The Journal article at least includes someone else's criticisms of Immelt's bad timing on acquisitions and disposals,


"Some former GE executives and investors say Mr. Immelt sells late and buys too high.



"GE hasn't been as strategically adept as it was 25 years ago," says Jack De Gan, chief investment officer for Harbor Advisory Corp. in Portsmouth, N.H.


GE sold its plastics business after the market peaked and jumped into subprime lending too late to reap the rewards, exiting with a $1 billion loss, critics say. The company failed in a 2008 attempt to sell its slow-growth, low-margin appliance business and scrapped the plan a year later.

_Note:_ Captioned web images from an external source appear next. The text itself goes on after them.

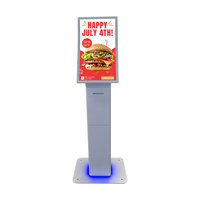 Máquina de pago para restaurantes con pantalla táctil curva de 23.6 pulgadas, kiosco interactivo de autoservicio con soporte de pie, impresora y escáner de códigos QR.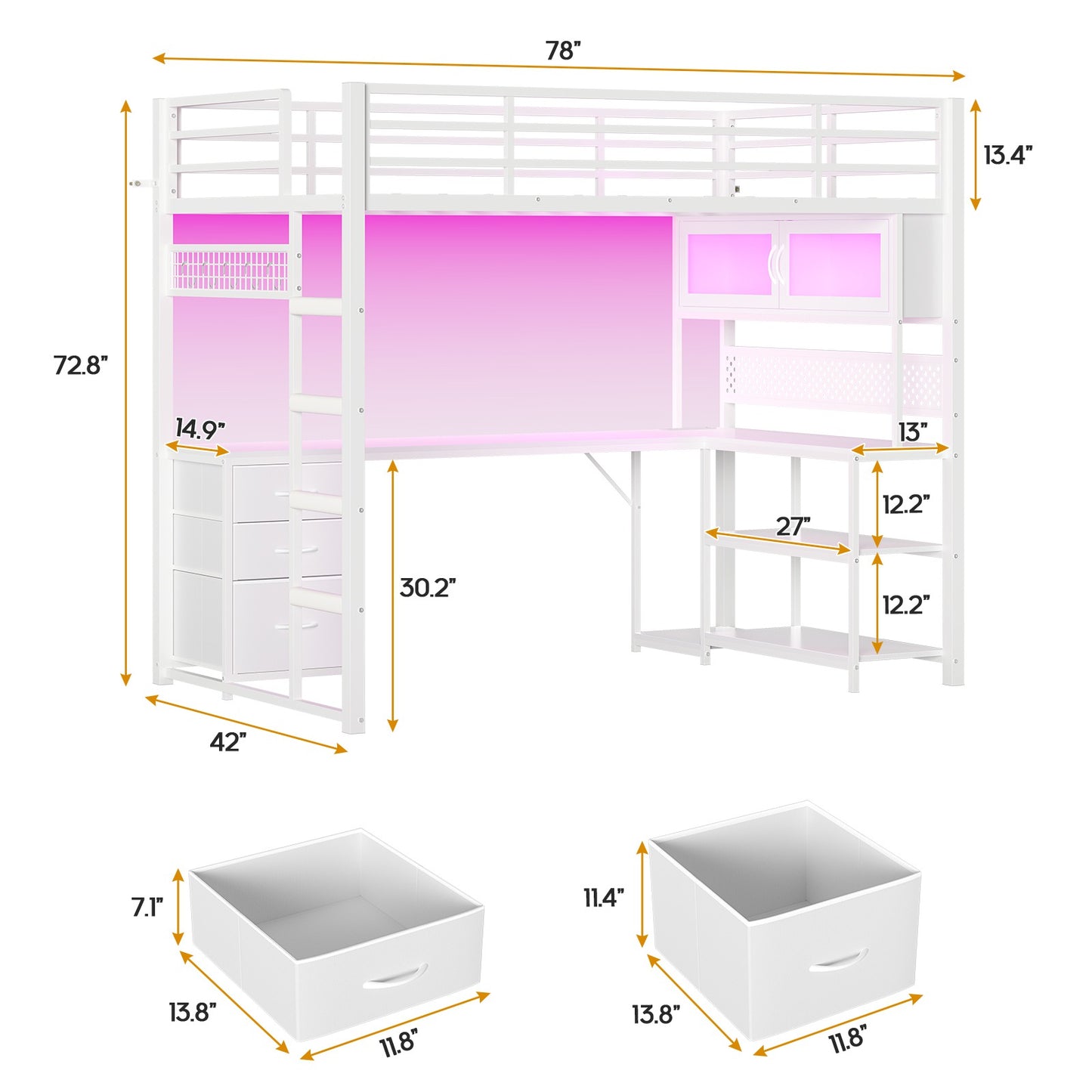 ADORNEVE Gaming Loft Bed Twin Size with L-Shaped Desk and Storage Drawers Arcylic Hutch Metal LED Loft Bed Frame with Wide Ladder and Safety Power Outlet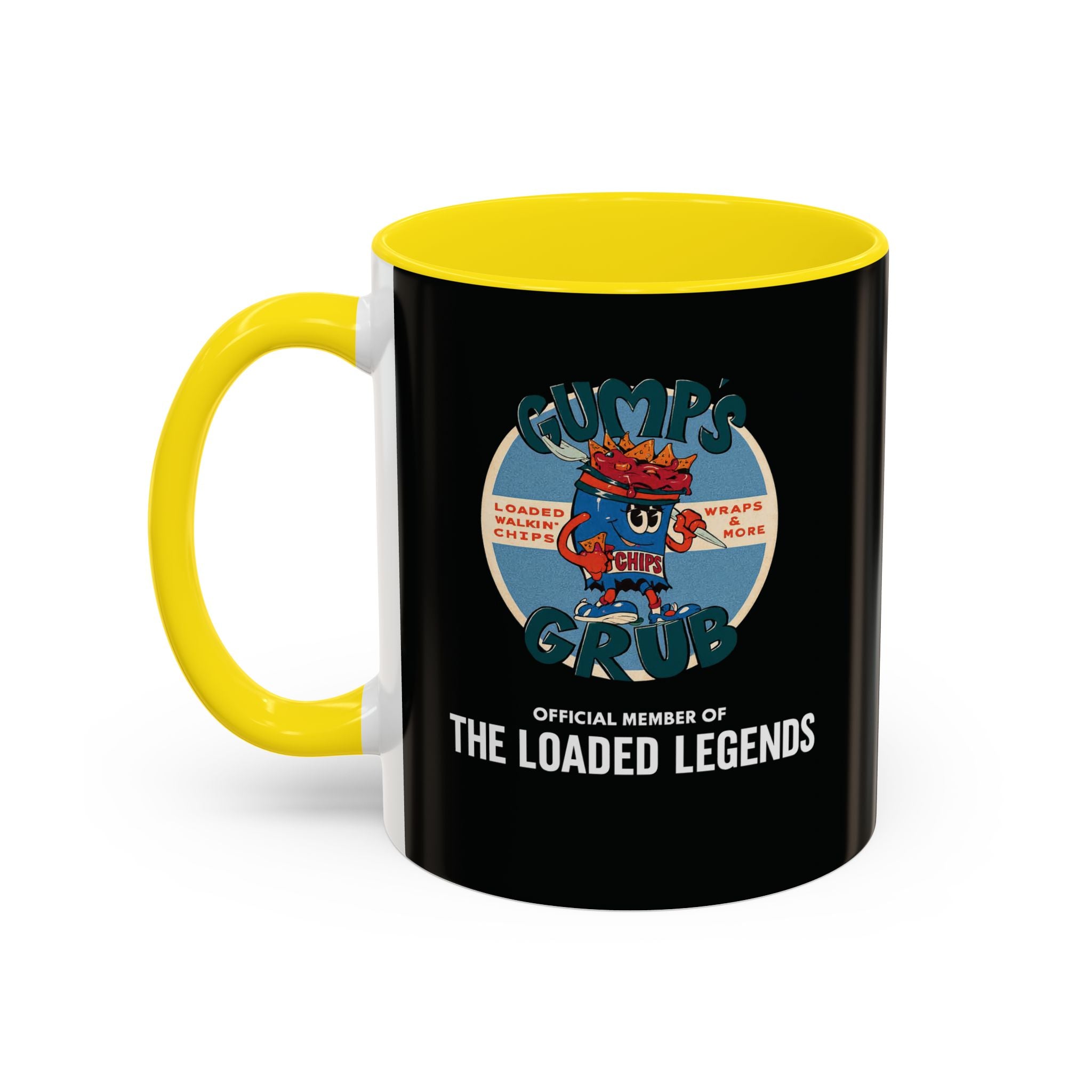 Snack Time Coffee Mug — Gump's Grub Mascot Accent Mug (11/15oz)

Mr. Immelt bought security companies after 9/11, agreed to a big premium to acquire U.K. medical research company Amersham in 2003 and is buying into the oil business with prices much higher than they were in the first half of his tenure. Buying Enron's wind business out of bankruptcy created a new business for GE, but multiple acquisitions in water treatment haven't paid off.


Mr. Immelt rejects the criticism. He says the dispositions of plastics and insurance were "home runs" and that the acquisitions were a mixed bag. "You can't do a lot of deals and have them all be great.""


Leave it to Immelt to simply stonewall the facts when he doesn't like them. The record on his disposal of plastics, NBC/Universal and parts of its financial business is quite clear, and it's not pretty.
The simple truth is that GE is an anachronism- a dinosaur. As a diversified conglomerate in an age of hyper-efficient capital markets and ultra-low brokerage fees, there is no longer any reason for such a corporation to exist. It should have been split into its large constituent businesses many years ago. That Jack Welch was able to confuse and bedazzle analysts and investors for so long with his charm and character just served to obscure this truth.

If Welch had truly had shareholder interests at heart, he'd have broken up GE after he stabilized it in the early 1980s. Then he'd have avoided the disastrous RCA and Kidder Peabody acquisitions, as well as the mistaken swelling of GE Capital, while allowing shareholders to directly benefit from each large unit's individual performances.